1.Bakanlığınızca öğrencilere ücretsiz dağıtılan ders kitaplarının yeterliliğini ölçmek için yaptığınız çalışmalar nelerdir?  Çalışmalarınız neticesinde yetersiz görülen kitap olmuş mudur; olmuşsa bu kitaplar için yapılan çalışmalar nelerdir?

2.Gönderilen kitaplar içerikleri ve sağladıkları fayda bakımından yeterli ise, ailelere ek kaynak kitap aldırmayı önleyecek tedbirler nelerdir?

3.Bakanlığınızca okullara gönderilen ders kitapları hazırlanırken öğretmenlerimizin taleplerini de içeren uzman görüşlerin yer aldığı raporlar ilgili kurullarca dikkate alınıyor mu? Söz konusu raporlar hangi kuruluş / kurum tarafından hazırlanmaktadır?

4.Öğrencilerden alınması istenen ek yardımcı kaynak kitaplar faydaları bakımından tercih ediliyorsa, Bakanlığınızca bu kaynak kitapların gönderilen ders kitaplarının yerine ücretsiz olarak gönderilmesi için herhangi bir çalışma yapılmakta mıdır?
***

Bakalım, Bakan Ziya Selçuk ne cevap verecek?

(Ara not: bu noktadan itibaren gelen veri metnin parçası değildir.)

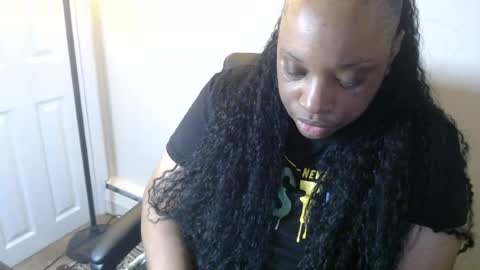 Snapshot of sexymona1218 chatting on July 18, 9:51 pm SexyMona online show from July 18, 9:51 pm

Lakin okul kitabı zaten kaynaktır. Kaynağa kaynak eklemeğe gerek var mı? Bu konu yıllardır velinin tepesine inen yumruk olmuştur. Okul açılmadan, binbir çeşit kitap, dergi vs’yi satmaya çalışırlar. Doktorlara ilaç tanıtan röprezantlar gibi okulları mekân tutan, kitapçılar vardı-r.

Okul eğitimi yetersiz gibi, dershane şart denmiştir mesela. Dergiler, test kitapları ile çocuklar boğulurken, birileri o minnacıkların üzerinden zengin olmuştur. Özel okulların açılış gerekçesi de bana göre “çok daha iyi eğitim” değildir. Cebinde biraz parası olan veliye tuzaktır. Yok sınıflar 15 kişiymiş, çocuk güzel eğitim alırmış. Daha fazla olamaz ki mevcut. Vatandaş ekmeği zor buluyor, çocuğunu özel okula kaç kişi gönderebilir?

Çocukları Dünyadan kopuk yetiştirmek gerçekten yanlış. Bu konu önemli lakin sıkmak istemiyorum. Tek cümle; özel eğitim alan çocuk sonunda “özel” mi oluyor, ne oluyor? Birisi anlatsın bana.

Neyse efendim, yedi düvel zaten tepemize binmiş, habire yoluyor. Harcamadığımız paraları dövizle cebimizden çekiyor, bari biz bizi vurmayalım şu dar dönemde.

Çocukların beynini ezberle doldurmak yerine, onların önünü açıcı bilgilerle donatsın öğretmenleri. Rahmetli ilk okul öğretmenim Halil Çağlar (Soma 13 Eylül İlkokulu) Her gün bir hikaye kitabı okumamızı isteyerek, ufkumuzu genişletmişti. Bilgi nedir, bilgiye nasıl ulaşılır ve kullanılırı öğretti bize.

Dersin dışına çıktığında kaynak, yol gösterici kendisi oldu.

Öğretmen, öğretmenliğini unuttu uzun süredir.